--- START ---

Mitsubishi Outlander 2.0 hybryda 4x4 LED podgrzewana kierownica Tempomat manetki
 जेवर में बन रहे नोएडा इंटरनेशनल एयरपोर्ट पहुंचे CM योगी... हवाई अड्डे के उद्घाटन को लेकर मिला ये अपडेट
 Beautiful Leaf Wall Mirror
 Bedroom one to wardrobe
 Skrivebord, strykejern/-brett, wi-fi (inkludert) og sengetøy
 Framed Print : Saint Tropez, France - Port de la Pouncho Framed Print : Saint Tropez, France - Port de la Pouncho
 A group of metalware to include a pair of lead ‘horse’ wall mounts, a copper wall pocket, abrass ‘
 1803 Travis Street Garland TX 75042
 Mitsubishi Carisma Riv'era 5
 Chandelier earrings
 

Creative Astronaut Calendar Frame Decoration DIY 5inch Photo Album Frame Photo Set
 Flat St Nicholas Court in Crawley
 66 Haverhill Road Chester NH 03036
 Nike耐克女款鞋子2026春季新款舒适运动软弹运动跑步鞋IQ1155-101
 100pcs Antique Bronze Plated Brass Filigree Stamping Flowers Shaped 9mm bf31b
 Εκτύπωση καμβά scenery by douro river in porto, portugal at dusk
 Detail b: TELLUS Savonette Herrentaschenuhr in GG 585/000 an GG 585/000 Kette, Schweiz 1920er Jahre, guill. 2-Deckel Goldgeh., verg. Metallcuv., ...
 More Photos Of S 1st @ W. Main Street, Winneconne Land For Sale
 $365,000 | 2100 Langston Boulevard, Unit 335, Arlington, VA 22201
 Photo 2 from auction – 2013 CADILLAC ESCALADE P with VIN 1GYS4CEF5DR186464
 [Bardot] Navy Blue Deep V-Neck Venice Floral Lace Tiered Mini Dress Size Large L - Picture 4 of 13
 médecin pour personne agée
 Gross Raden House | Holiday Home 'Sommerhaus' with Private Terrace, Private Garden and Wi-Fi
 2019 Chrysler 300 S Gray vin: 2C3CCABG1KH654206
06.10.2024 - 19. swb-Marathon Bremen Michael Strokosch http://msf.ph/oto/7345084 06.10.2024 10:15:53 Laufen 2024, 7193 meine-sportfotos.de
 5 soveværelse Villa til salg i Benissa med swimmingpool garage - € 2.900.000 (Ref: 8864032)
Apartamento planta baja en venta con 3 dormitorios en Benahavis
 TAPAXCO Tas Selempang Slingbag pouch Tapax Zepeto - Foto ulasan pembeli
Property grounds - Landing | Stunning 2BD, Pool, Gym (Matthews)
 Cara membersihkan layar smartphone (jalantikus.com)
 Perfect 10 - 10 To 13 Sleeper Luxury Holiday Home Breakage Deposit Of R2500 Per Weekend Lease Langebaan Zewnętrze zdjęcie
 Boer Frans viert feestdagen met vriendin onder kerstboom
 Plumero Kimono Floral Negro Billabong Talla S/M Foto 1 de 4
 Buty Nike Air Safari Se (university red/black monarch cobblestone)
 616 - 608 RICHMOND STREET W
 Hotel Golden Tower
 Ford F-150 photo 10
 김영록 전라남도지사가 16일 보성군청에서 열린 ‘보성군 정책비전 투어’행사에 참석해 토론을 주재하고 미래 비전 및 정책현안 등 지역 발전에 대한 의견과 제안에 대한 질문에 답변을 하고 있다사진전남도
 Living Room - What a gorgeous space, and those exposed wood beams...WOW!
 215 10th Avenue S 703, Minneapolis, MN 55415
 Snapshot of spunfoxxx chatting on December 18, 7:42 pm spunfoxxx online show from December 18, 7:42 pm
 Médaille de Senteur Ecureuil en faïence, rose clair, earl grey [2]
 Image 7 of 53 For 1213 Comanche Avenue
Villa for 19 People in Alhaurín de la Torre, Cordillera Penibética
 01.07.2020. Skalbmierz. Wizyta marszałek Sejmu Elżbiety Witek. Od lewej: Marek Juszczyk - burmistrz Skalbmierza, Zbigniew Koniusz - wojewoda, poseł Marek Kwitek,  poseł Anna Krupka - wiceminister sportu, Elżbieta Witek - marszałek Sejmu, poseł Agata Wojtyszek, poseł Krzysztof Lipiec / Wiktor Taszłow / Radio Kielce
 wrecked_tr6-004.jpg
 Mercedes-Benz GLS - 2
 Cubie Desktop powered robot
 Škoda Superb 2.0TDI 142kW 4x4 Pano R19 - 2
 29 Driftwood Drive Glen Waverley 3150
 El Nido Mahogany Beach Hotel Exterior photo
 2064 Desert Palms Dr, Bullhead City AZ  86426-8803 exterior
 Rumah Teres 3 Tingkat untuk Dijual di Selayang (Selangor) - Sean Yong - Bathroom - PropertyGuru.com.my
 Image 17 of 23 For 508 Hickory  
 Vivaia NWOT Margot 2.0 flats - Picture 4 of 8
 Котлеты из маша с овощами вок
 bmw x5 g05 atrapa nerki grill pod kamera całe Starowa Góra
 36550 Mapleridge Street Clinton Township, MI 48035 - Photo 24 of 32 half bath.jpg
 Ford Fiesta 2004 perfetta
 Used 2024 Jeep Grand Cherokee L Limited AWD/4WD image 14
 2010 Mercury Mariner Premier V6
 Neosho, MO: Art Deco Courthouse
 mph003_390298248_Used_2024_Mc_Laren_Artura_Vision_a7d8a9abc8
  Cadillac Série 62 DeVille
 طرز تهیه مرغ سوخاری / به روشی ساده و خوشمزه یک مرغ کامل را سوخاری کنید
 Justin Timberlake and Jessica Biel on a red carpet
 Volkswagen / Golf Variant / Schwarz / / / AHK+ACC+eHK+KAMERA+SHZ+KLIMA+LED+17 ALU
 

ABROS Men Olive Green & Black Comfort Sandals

--- END ---

Task objective: Above are the entries; copy every line among them that contains the word "from".

Completed exercise:
 Photo 2 from auction – 2013 CADILLAC ESCALADE P with VIN 1GYS4CEF5DR186464
 Snapshot of spunfoxxx chatting on December 18, 7:42 pm spunfoxxx online show from December 18, 7:42 pm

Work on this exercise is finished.